__Task to complete__:
Every line of the data should be written out exactly, with the pictures left out.

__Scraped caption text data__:

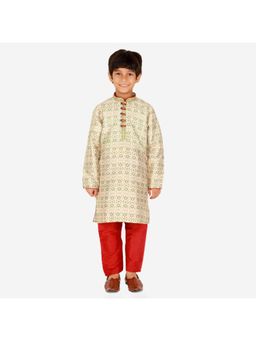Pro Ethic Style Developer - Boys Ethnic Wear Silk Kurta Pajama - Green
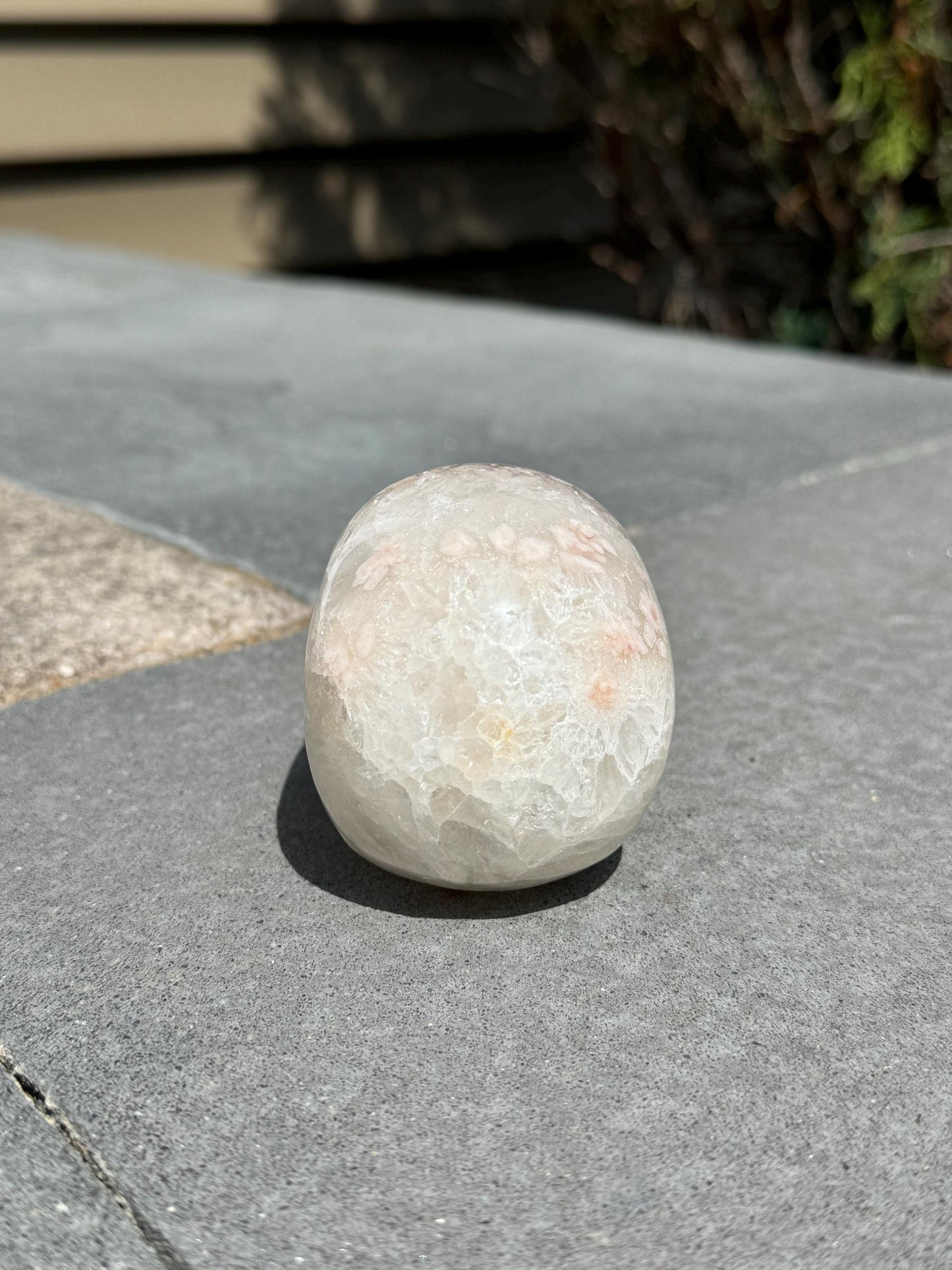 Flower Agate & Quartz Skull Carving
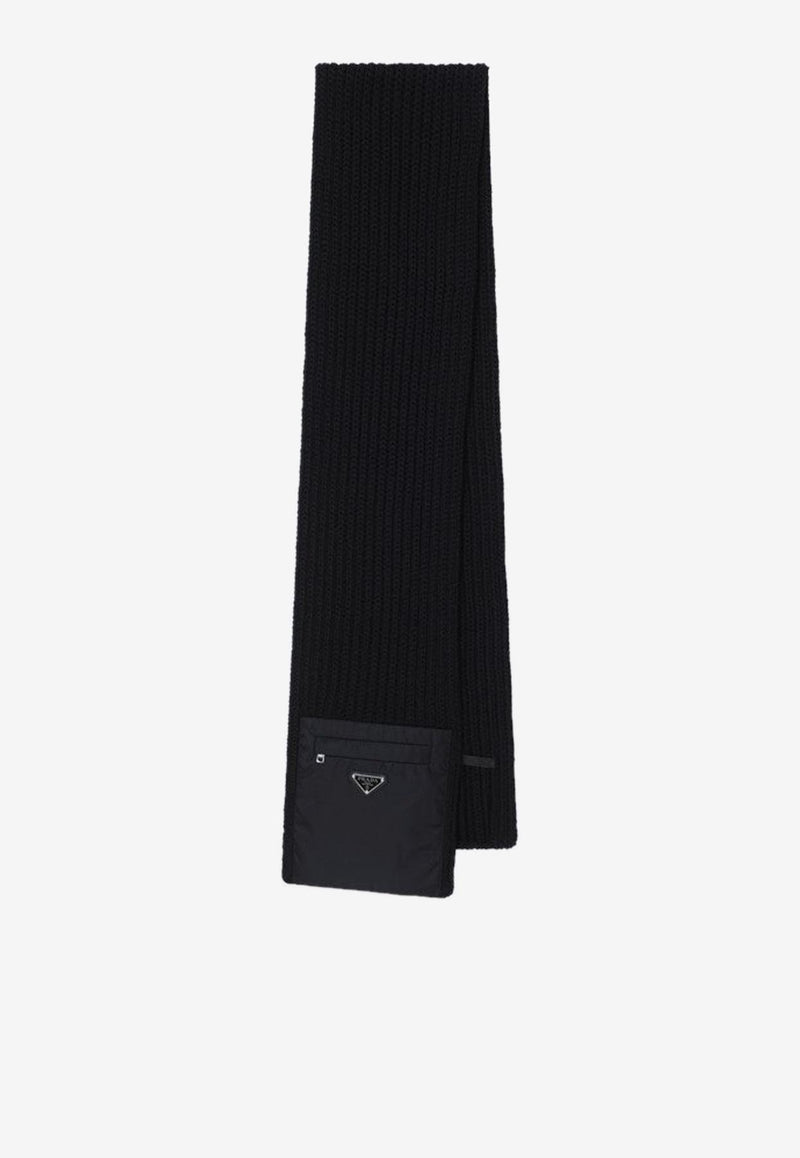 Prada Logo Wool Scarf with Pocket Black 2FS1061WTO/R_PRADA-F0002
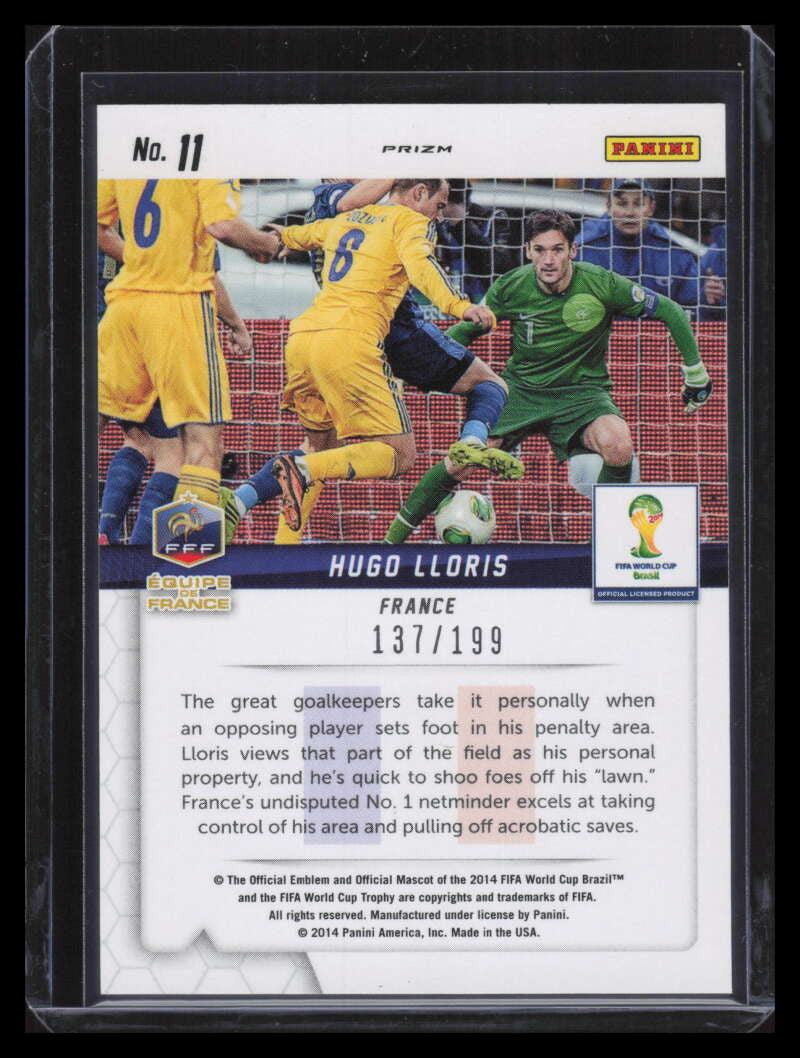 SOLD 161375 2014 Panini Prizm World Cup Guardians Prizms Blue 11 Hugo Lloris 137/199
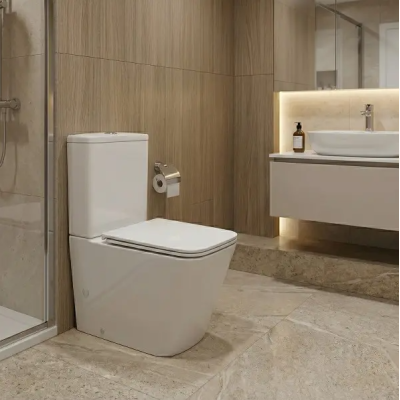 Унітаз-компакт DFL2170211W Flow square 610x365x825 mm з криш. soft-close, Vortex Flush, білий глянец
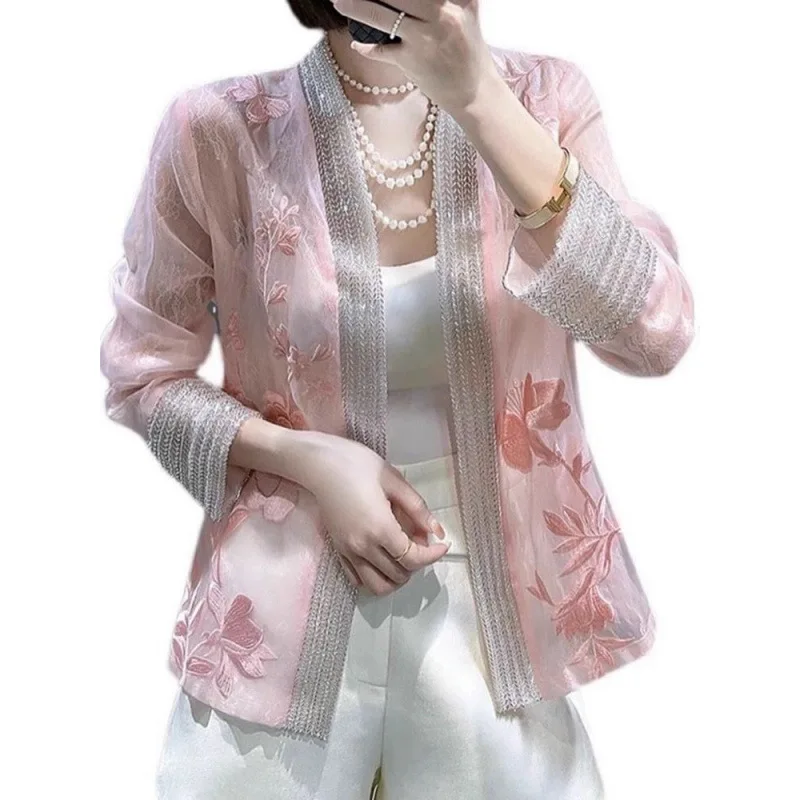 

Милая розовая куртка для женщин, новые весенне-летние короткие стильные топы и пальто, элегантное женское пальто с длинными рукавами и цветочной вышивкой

__Exercise output__:
Pro Ethic Style Developer - Boys Ethnic Wear Silk Kurta Pajama - Green
 Flower Agate & Quartz Skull Carving
 Prada Logo Wool Scarf with Pocket Black 2FS1061WTO/R_PRADA-F0002
 SOLD 161375 2014 Panini Prizm World Cup Guardians Prizms Blue 11 Hugo Lloris 137/199
 Унітаз-компакт DFL2170211W Flow square 610x365x825 mm з криш. soft-close, Vortex Flush, білий глянец

Милая розовая куртка для женщин, новые весенне-летние короткие стильные топы и пальто, элегантное женское пальто с длинными рукавами и цветочной вышивкой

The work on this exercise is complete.